My Brother the Devil
Sally El Hosaini recently (deservedly) won the best newcomer prize at the London Film Festival for her debut feature, My Brother The Devil which she wrote and directed. Filmed on location in an East London housing estate, My Brother The Devil features amateurs alongside better known actors James Floyd, Said Taghmaoui and Fady Elsayed (also nominated for best newcomer at LFF).
A coming-of-age story set to the backdrop of a rather minor drug dealing gang, My Brother The Devil is brilliant in its normality. There are none of the ludicrous fortuitous happenings and labored plots that seem to riddle Noel Clarke’s films, to which El Hosaini’s effort will no doubt be compared.
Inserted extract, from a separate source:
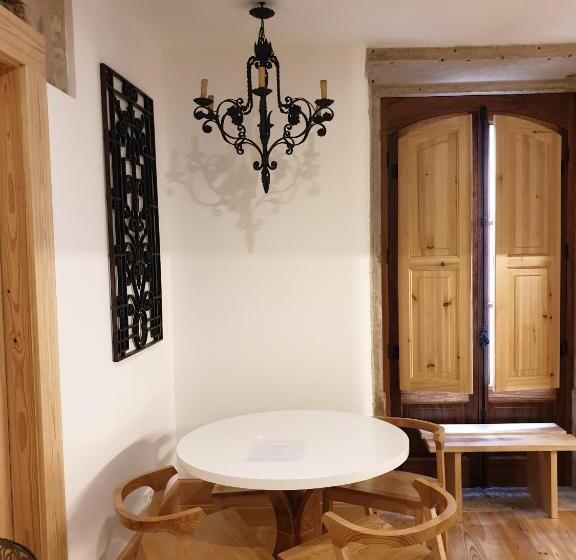 اتاق خانوادگی, Casa Da Baixa Downtown House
It is the smallness, realism, and new ground that El Hosaini breaks that really sets this above the pack. Rather than massive drug deals or insane villains, we are shown petty muggings with steak knives and drug dealers with slightly dated mobile phones. There is a realism here that seems to have been expurgated from all other British films dealing with the wrong side of the tracks. El Hosaini has kept the matter of the film very much grounded in reality while still telling a compelling and new story.
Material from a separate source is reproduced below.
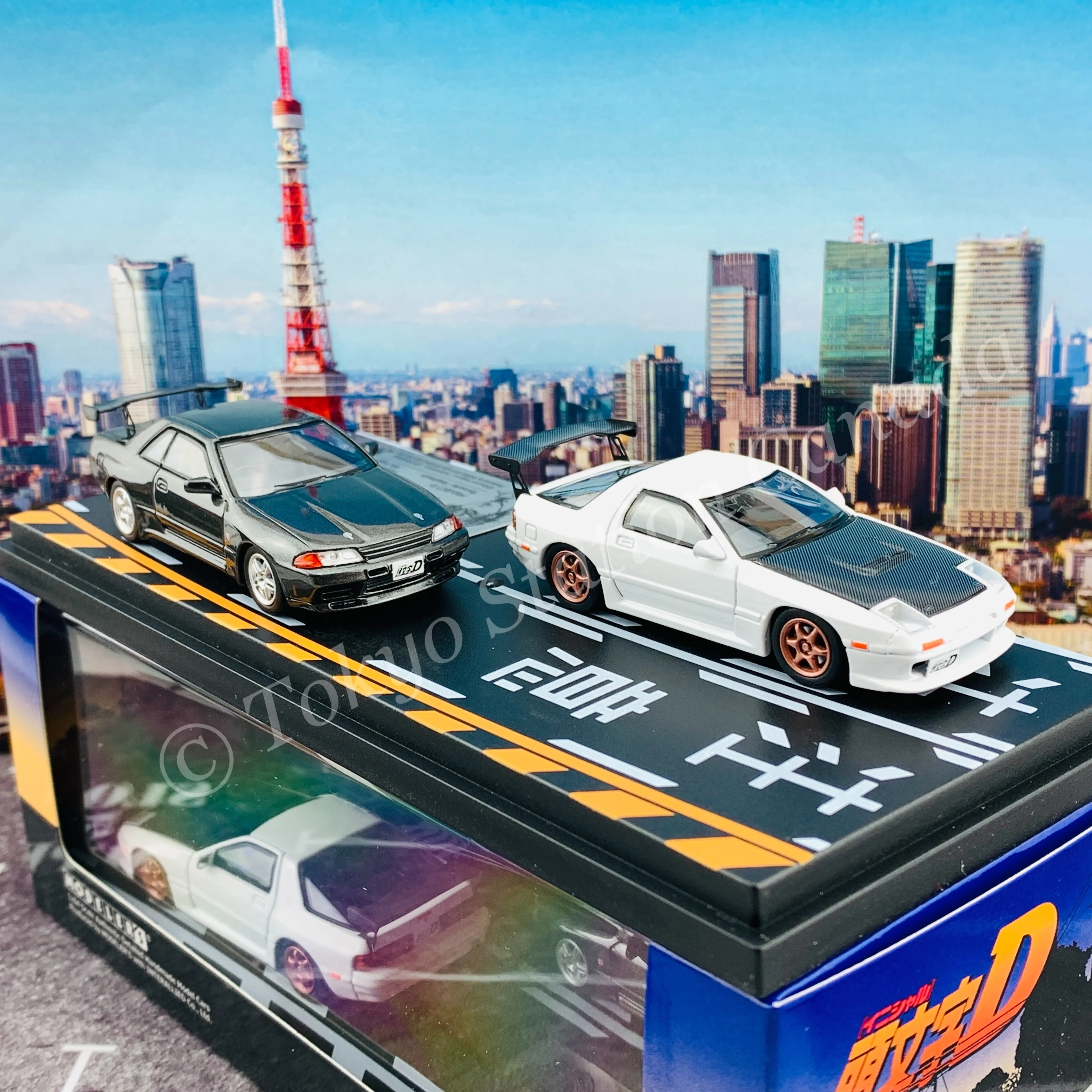 MODELER'S 1/64 Initial D Set Vol.2 Ryosuke Takahashi RX-7 (FC3S) & Rin Hojo Skyline GT-R (BNR32) MD64202 - Image 2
It’s hard to discuss the narrative of My Brother The Devil without blunting some of the film’s power. That said, the movie constantly proceeds in an unexpected direction, not through twists or silly plot devices but because it treads new ground and has a well-written movie at the core of things. Without giving anything away, My Brother The Devil approaches an issue never really dealt with in films of this ilk and does so with compassion and intelligence.
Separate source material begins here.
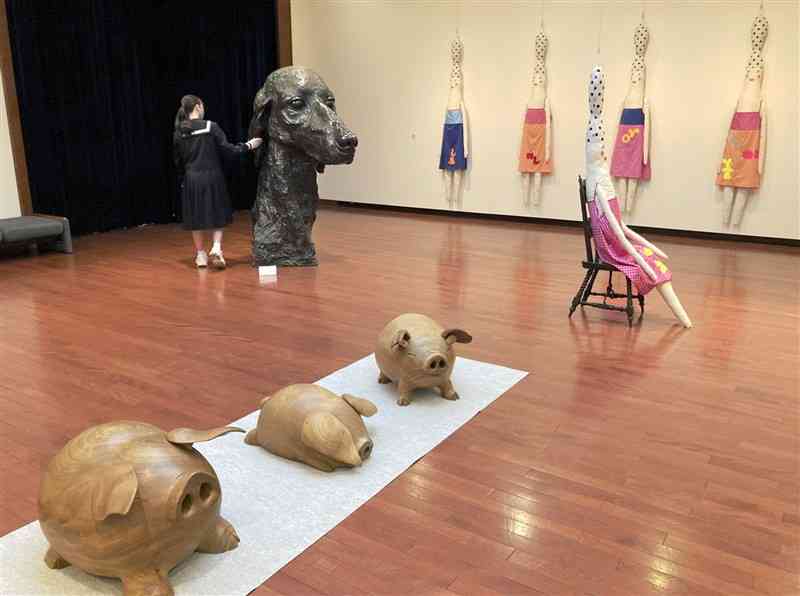 作品に触れながら鑑賞の広がりについて考える「目の部屋と手の部屋」展＝熊本市中央区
My Brother The Devil is one of the finest feature debuts for years. Unfortunately it will be compared to the films of Noel Clarke and classified in the all but dismissed “urban” genre. There is a subtlety to the fights outside an off-licence as opposed to the hyperbole of films like Harry Brown and its out of control pensioner-murdering teenagers. This is actually what happens on the streets. El Hosaini demonstrates with a magnificent degree of skill that an interesting, deep and touching story can be told in a setting of London’s poorer areas. Finally, England has an answer to La Haine.
Joey Godman
My Brother the Devil is released in select cinemas on 9th November 2012.